In the front room she had a beautiful old mahogany sewing desk with her Singer sewing machine on the top and dozens of small drawers underneath that were filled with ribbons, beads and different coloured silks. I loved rummaging round in them and touching all of the treasures that were inside.
‘Can I help you tidy up your bits and bobs, Gaga?’ I asked her.
‘As long as you’re careful, Rene,’ she told me. ‘Don’t go pricking your fingers on any needles.’
My biggest wish was for her to make me a princess gown all of my very own. On my fourth birthday she made me a beautiful party dress. It was green cotton with a little collar, puff sleeves and a big bow on the back, and it had frills from the waist down. She even made a matching one for my favourite doll Audrey.

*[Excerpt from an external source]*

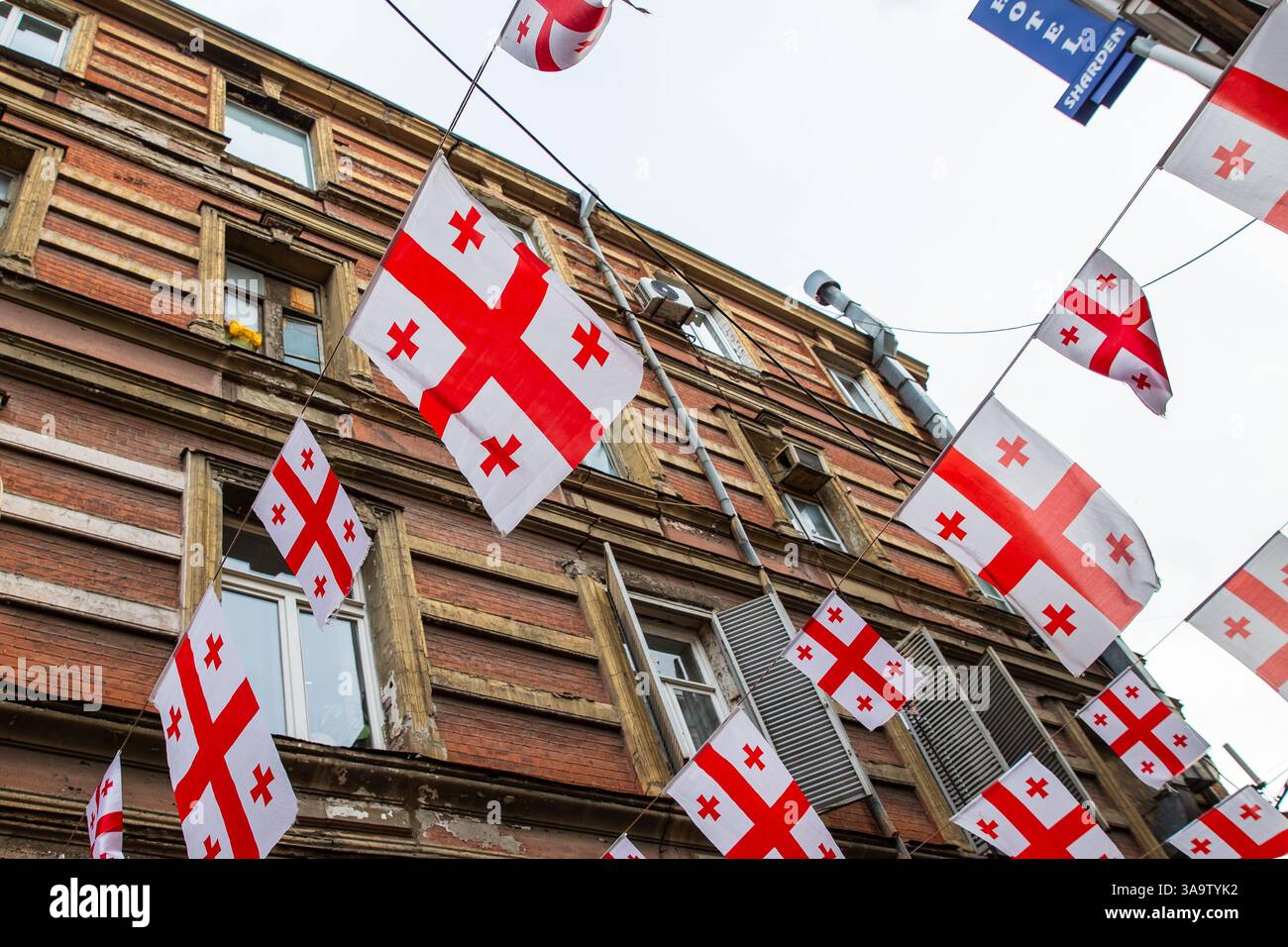 Georgische Nationalflaggen sind über einer Straße in der Altstadt zu sehen. Stockfoto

My mum was the eldest of seven children, although two of her brothers had died as toddlers – one had got diphtheria and the other had fallen into the Thames and drowned. It used to cause no end of arguments between my grandparents, as my grandfather could never remember the names of the two that had died and my grandmother used to get really annoyed with him about it.
‘Imagine not remembering your own children,’ she used to say to me. ‘How could he forget his own flesh and blood?’
Mum wasn’t close to her surviving sisters Violet and Winnie or her brothers Arthur and Harry, and they didn’t treat her very nicely. They were all very snobby and wealthy, and they looked on her as a failure when she came back to live with her parents, even though she was a widow. That side of it was all kept from me when I was small, but I began to realise it more as I got older. They didn’t like her choice of husband and the way, in their opinion, she had completely changed her views.